The settlement we need isn't mysterious. Training should require licences or meaningful opt-out mechanisms. And yes some of us are advising this as AI addendums fall on our desks. Models should publish their sources and failure modes. File formats should carry provenance so attribution travels with the work. Creators should have collective bargaining power to negotiate terms. Public institutions should provide compute resources so capability isn't hostage to private platforms. Content moderators should have unions and trauma support and living wages. None of this requires moral sainthood. It requires the boring work of governance.
But governance doesn't trend on social media. Denunciation does. So we get the discourse we deserve: pure positions that change nothing while the actual architecture of power gets built by default. Every hour spent cataloguing the moral failures of someone using Midjourney for their newsletter is an hour not spent on procurement standards, on labour organising, on competition policy. The companies building these systems must be thrilled by how thoroughly we've been distracted by purity theatre.
The culture we keep won't be determined by our pronouncements but by our practices. Learn when speed is a trap. Learn to recognise when the model is fluent and wrong. Learn to put the tool down when presence matters more than productivity. These are skills, not moral positions. They're how we maintain human judgement in a world of automated suggestion.
The fire has already been stolen. The question now is whether we'll spend our time condemning everyone who uses the light, or whether we'll do the harder work of ensuring the fire gets distributed fairly and the people who tend it get paid. The woman in Dhaka has already decided. She'll take the privacy risk over the alternative of suffering in silence. The real question is whether the rest of us will catch up to her pragmatism, or whether we'll keep performing our virtue while the future gets written without us.



I've been watching the AI ethics debate from inside the tech world for two years now, and you've named something that's been bothering me but I couldn't articulate.
The purity performance is exhausting. While we debate whether using AI makes us complicit, people are quietly solving real problems like a small business owner generating product descriptions she couldn't afford to commission. The ethics committee gets to feel clean while the woman in Dhaka gets medical information that might save her life.

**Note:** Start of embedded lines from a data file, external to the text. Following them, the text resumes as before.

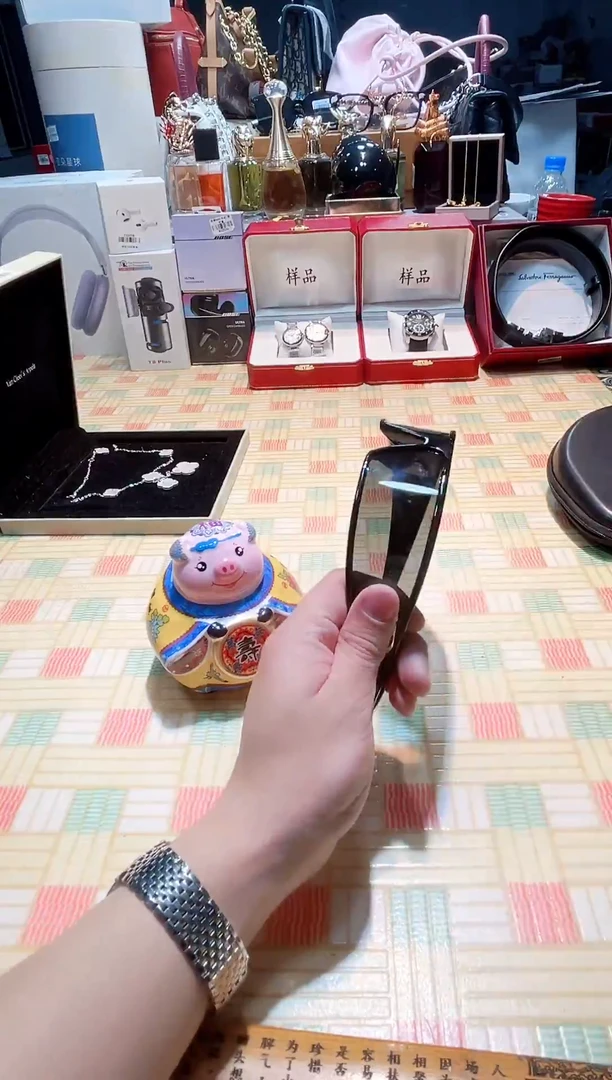 瓷片瓷器 库房到期 全部地板价@@1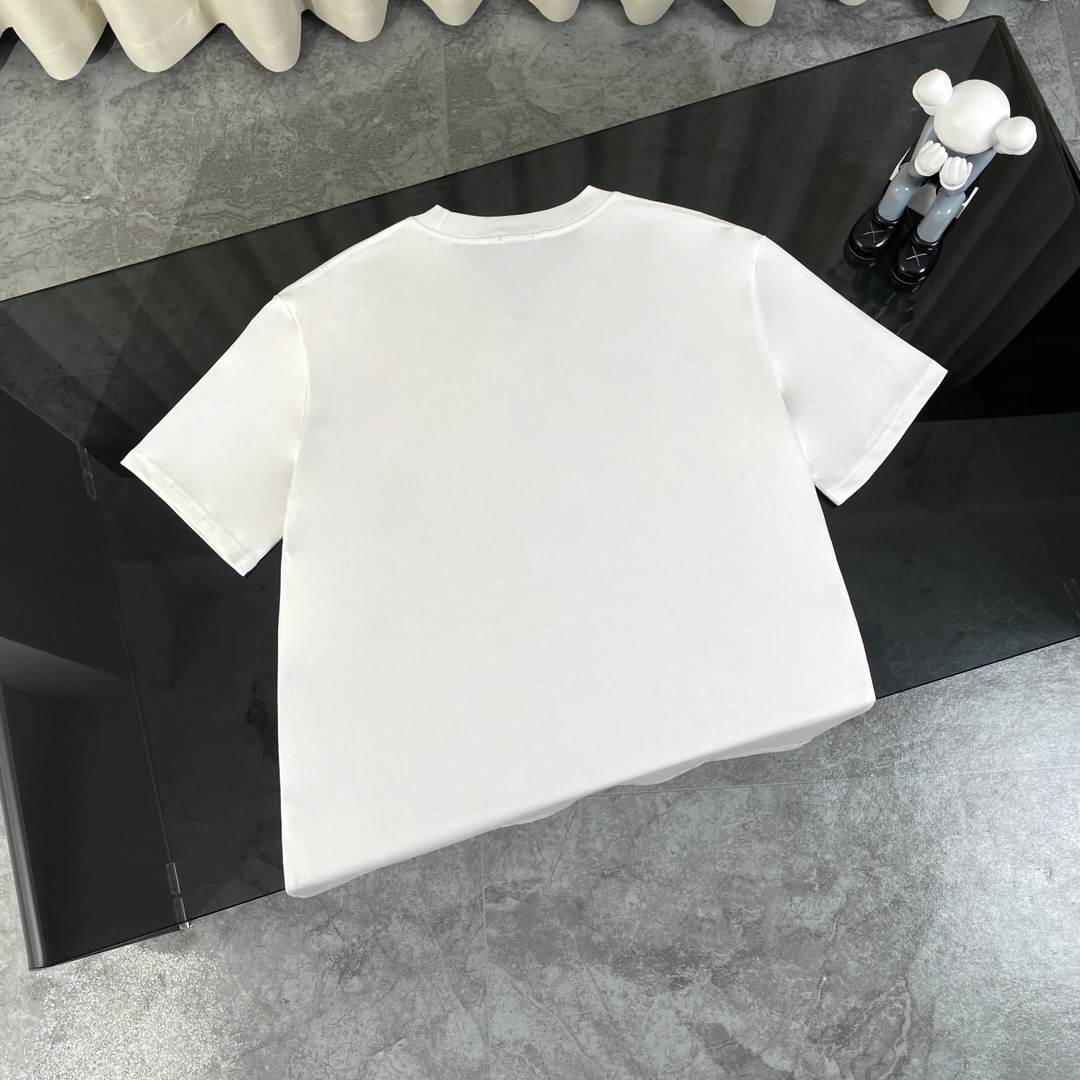 D Tshirt New 0044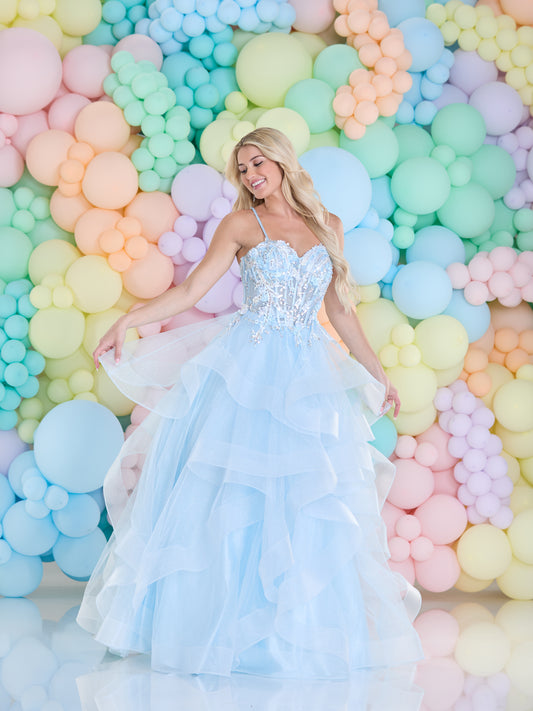 Tiffanys Prom: Sara - Alia Couture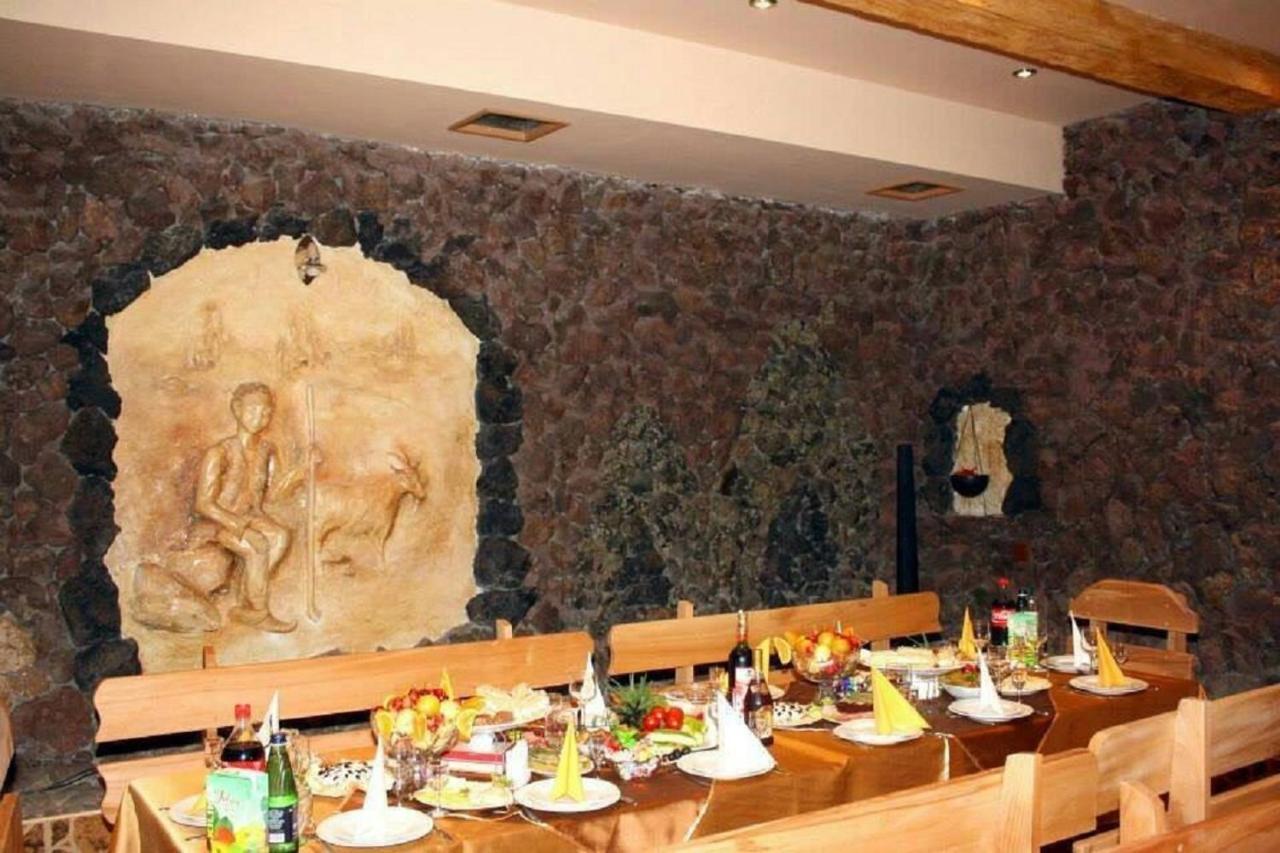 Zangezur Hotel Goris Extérieur photo
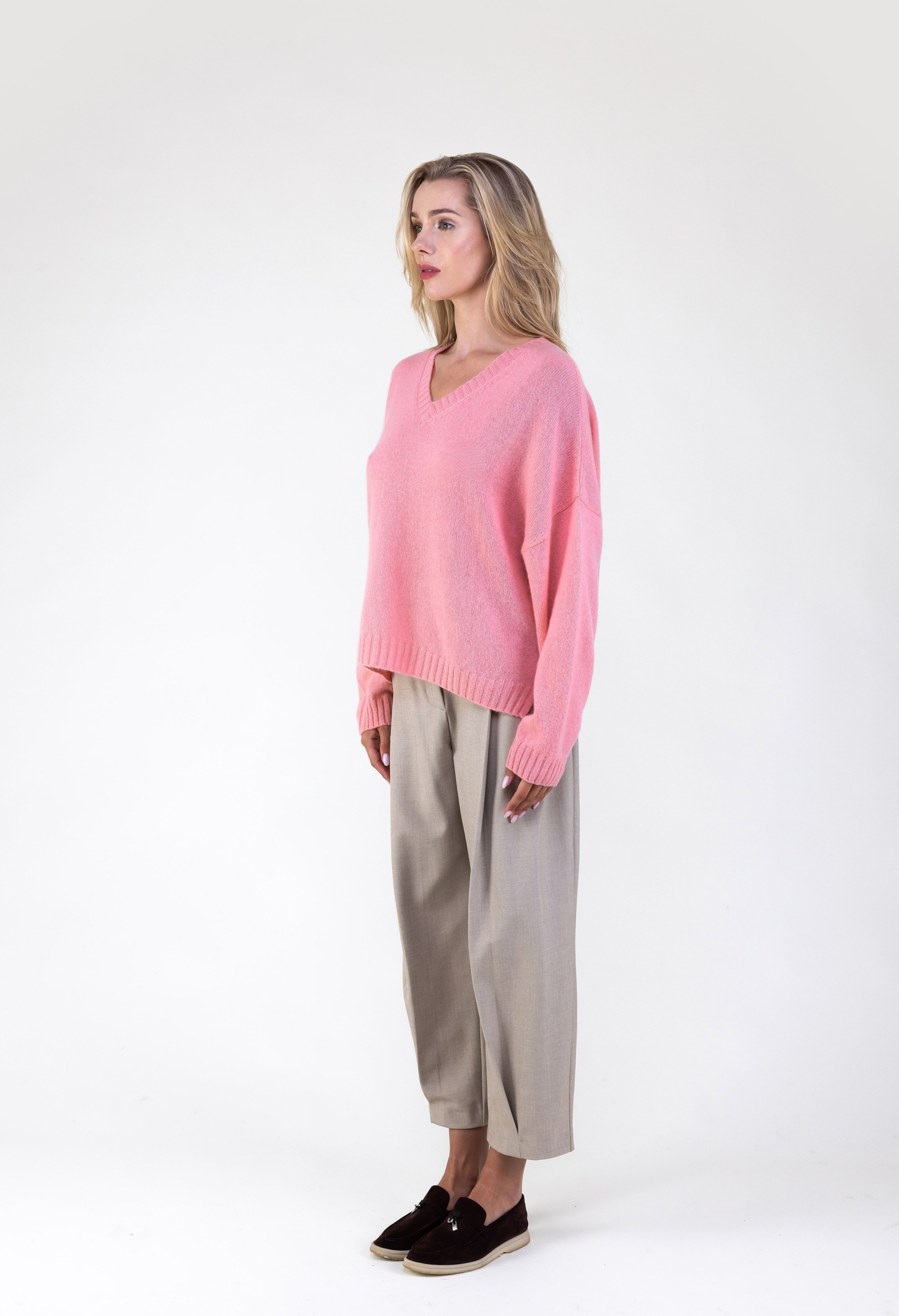 Van Kukil V-Neck Cashmere Sweater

Your point about where the real work needs to happen: procurement standards, labor organizing, competition policy, that's where change actually lives.
But it's harder than posting about boycotts, so we get the discourse we deserve instead of the governance we need.
Hi Carlo, as a person growing up in Dhaka, your first paragraph threw me off. I appreciate the essence of your argument but a teacher in Dhaka is instructed to just have all the worksheets in one language either Bengali or English. Even though people speak many different mother tongues, the country and the schools don’t recognize and accommodate them. If you want to use an example from Bangladesh (as an example of people living in contradiction), here are some better examples: 1. A woman in Dhaka sharing pictures of her intimate body parts to chatgpt to get answers to a physical problem, because female doctors are still very rare in Bangladesh and going to a male doctor is uncomfortable. 2. A user translating English medical reports to Bengali (because her English is not good and no access to good translators). 3. An older adult asking Chatgpt to remember his laptop password and credit card numbers.